What you are asked to do:
Return exactly those lines of the material below that fall between the line holding "Men's New Era" and the line holding "Jil Sander Jil", inclusive.

Records for the task:
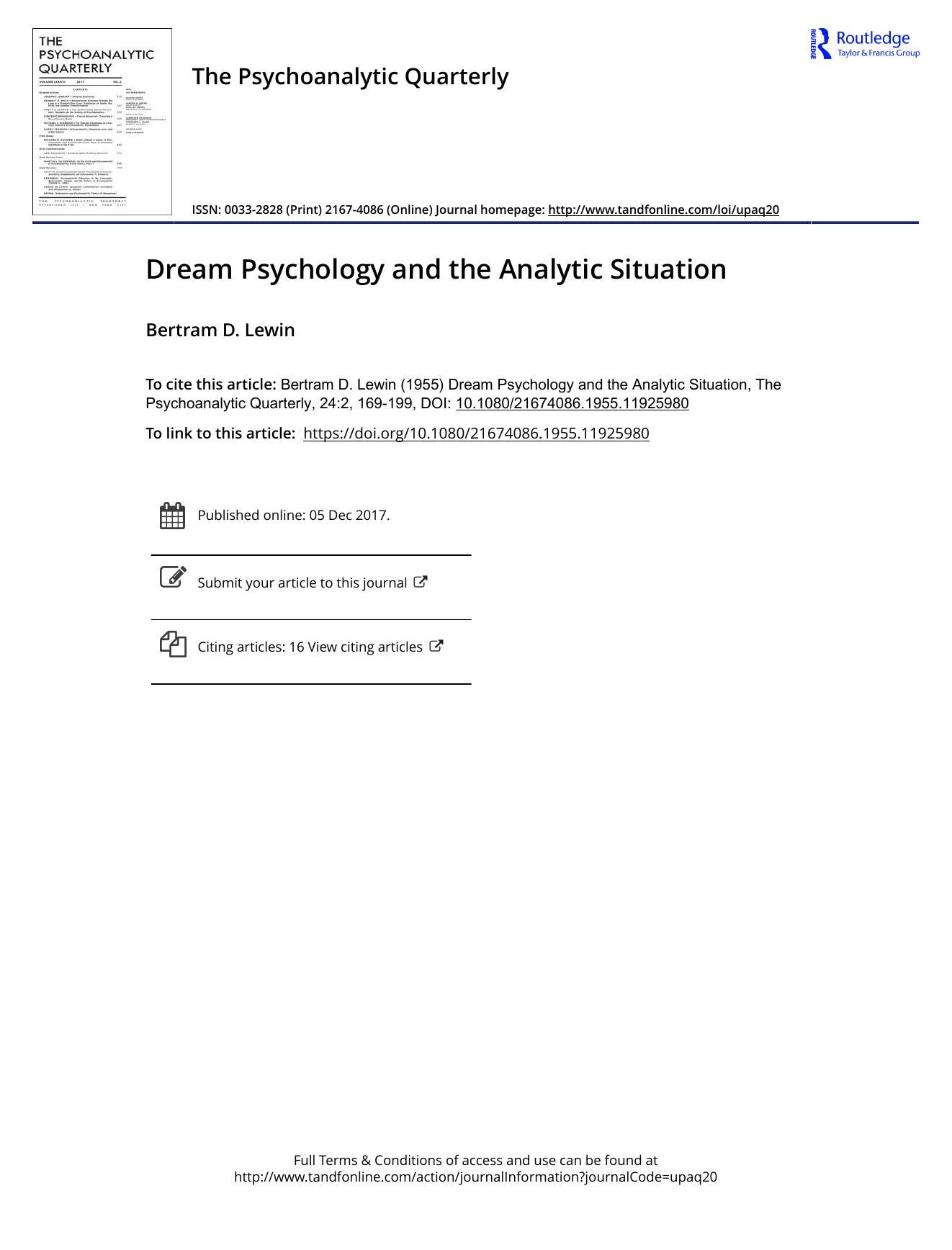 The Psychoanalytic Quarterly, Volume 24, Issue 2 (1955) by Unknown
--
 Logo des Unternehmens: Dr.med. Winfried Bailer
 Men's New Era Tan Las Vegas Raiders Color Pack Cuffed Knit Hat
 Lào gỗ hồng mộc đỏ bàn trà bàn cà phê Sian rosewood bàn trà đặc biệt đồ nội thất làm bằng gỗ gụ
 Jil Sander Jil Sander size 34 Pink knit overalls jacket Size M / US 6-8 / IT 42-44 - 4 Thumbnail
==
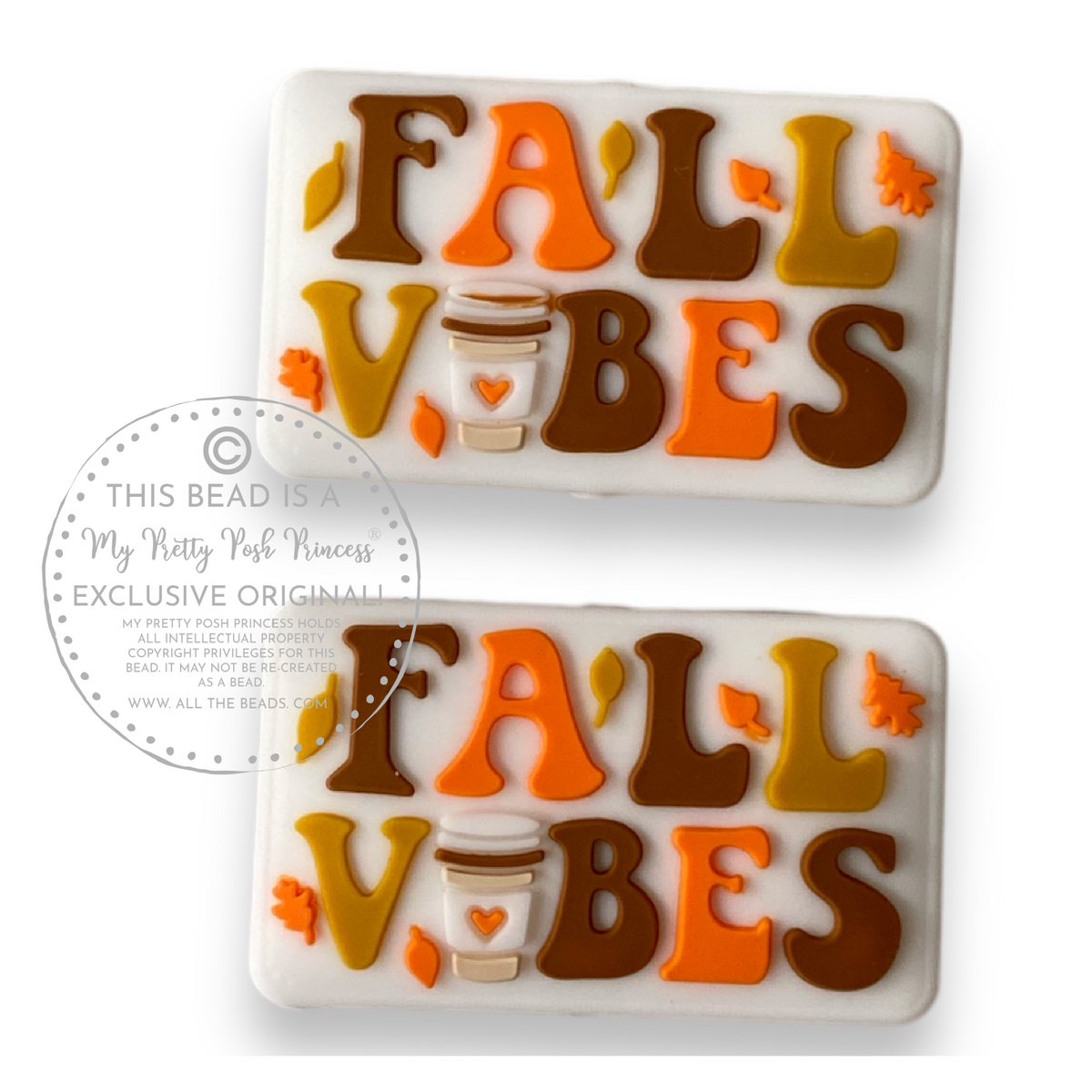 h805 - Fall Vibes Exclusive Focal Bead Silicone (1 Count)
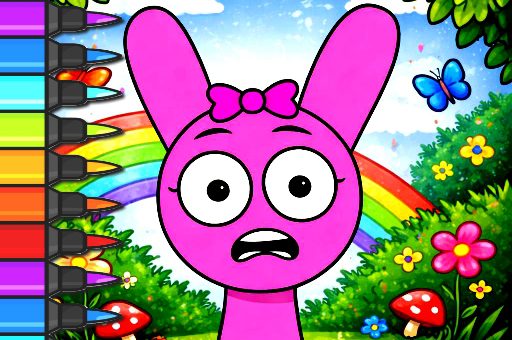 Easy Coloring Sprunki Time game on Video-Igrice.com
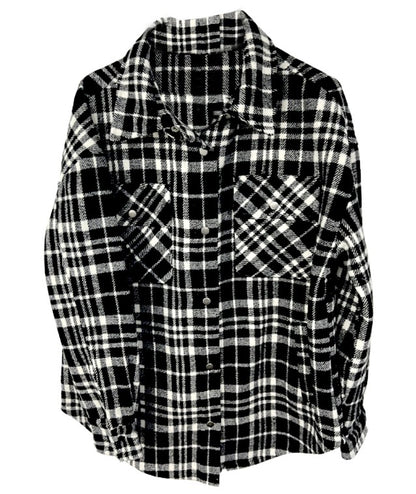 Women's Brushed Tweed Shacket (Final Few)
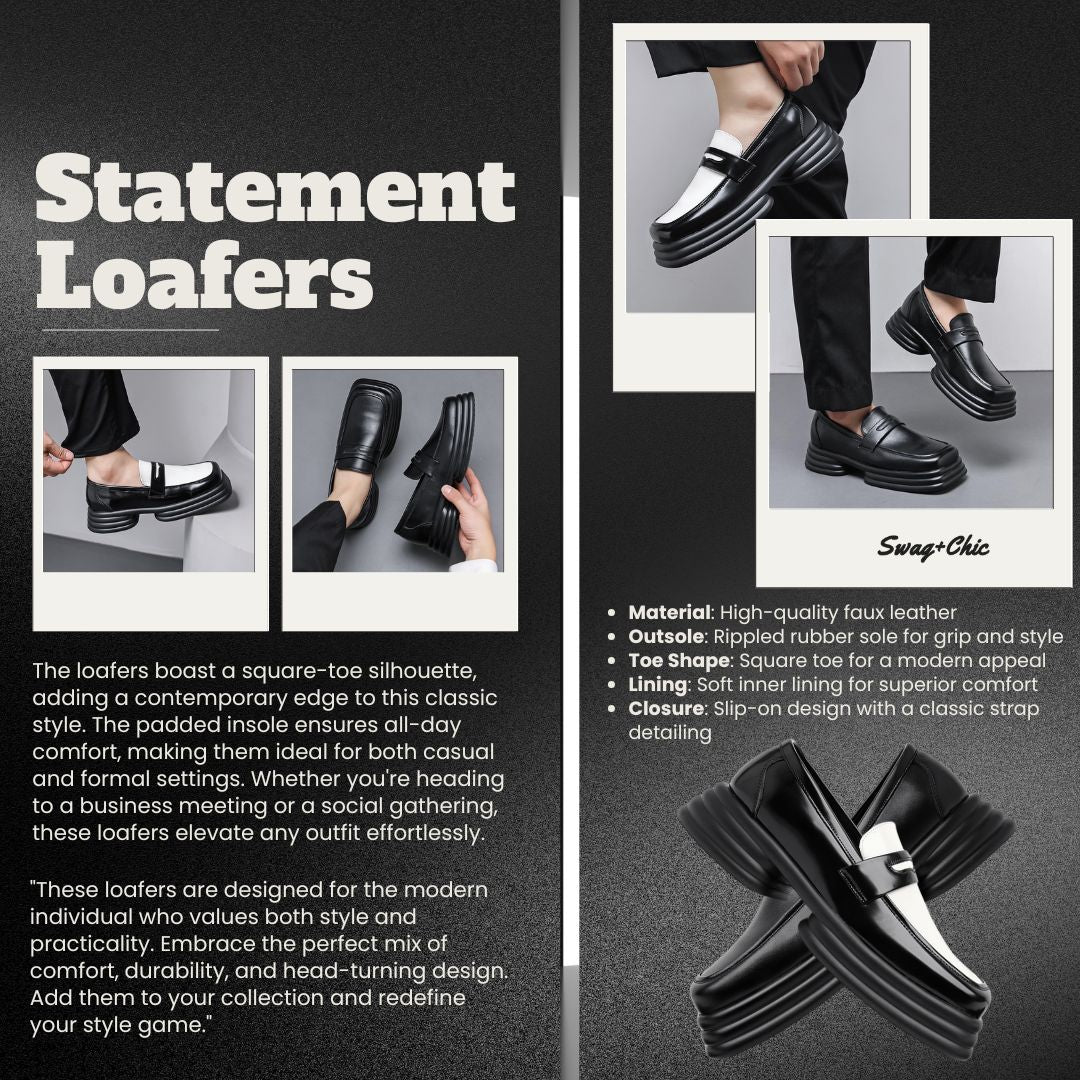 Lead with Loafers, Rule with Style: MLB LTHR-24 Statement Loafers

Solution to the exercise:
 Men's New Era Tan Las Vegas Raiders Color Pack Cuffed Knit Hat
 Lào gỗ hồng mộc đỏ bàn trà bàn cà phê Sian rosewood bàn trà đặc biệt đồ nội thất làm bằng gỗ gụ
 Jil Sander Jil Sander size 34 Pink knit overalls jacket Size M / US 6-8 / IT 42-44 - 4 Thumbnail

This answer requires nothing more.